Si la situación no deriva en mayores problemas de salubridad es porque son muy pocos los que se animan a consumir el agua “potable” que se les sirve, pero ello agrava considerablemente su costo, constituyendo una inequidad e iniquidad inconcebible, porque son los más pobres, a quienes no les llega, los que tienen que destinar mayor proporción de sus ingresos para abastecerse, incluso comprándola por latas o tanques.
Como si todo eso fuera poco, Montás revela que aún 264 empresas agroindustriales vierten sus aguas residuales a los dos ríos que circundan a Santo Domingo, contribuyendo a agravar la situación, sin que por el momento se verifique ningún esfuerzo prometedor de una solución a esta gran contaminación pluvial.
La contaminación de las aguas del subsuelo, ríos y mar, se verifica por igual en las zonas turísticas.
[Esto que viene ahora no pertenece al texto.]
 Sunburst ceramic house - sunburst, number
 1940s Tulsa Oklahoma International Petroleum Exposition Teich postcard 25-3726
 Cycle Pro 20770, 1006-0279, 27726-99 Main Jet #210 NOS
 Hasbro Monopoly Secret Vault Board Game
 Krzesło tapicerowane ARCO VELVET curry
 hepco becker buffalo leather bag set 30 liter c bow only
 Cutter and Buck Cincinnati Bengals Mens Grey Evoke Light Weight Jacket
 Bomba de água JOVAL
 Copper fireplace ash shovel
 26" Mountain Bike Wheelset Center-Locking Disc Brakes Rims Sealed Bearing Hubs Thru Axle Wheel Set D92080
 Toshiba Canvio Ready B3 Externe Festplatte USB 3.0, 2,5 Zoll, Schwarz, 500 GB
Un profesional del sector sostiene que la situación es tan crítica, y del conocimiento de los organismos públicos y privados, que no se publican los resultados de la mayoría de los análisis de laboratorio o simplemente no se realizan sistemáticamente para no escandalizar.
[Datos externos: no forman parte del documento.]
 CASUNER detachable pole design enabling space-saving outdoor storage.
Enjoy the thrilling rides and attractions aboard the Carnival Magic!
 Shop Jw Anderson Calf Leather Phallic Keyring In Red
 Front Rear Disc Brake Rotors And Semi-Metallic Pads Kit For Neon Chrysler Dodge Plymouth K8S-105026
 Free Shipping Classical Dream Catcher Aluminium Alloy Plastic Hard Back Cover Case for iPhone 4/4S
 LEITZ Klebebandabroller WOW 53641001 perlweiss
He ahí pruebas irrefutables de nuestro nivel de pobreza, sobre todo en la planificación y las prioridades, porque los recursos han alcanzado para una gran y moderna red vial de circulación y hasta para obras faraónicas o desproporcionadas como el famoso Faro a Colón o el legendario aeropuerto internacional de Barahona, o incluso el de Samaná.
Más que la escasez de recursos financieros, lo que resalta es la pobreza de nuestros políticos que prefieren las obras de relumbrón. Por eso no han estado interesados en construir alcantarillados sanitarios, porque no se ven, y a Dios que reparta suerte.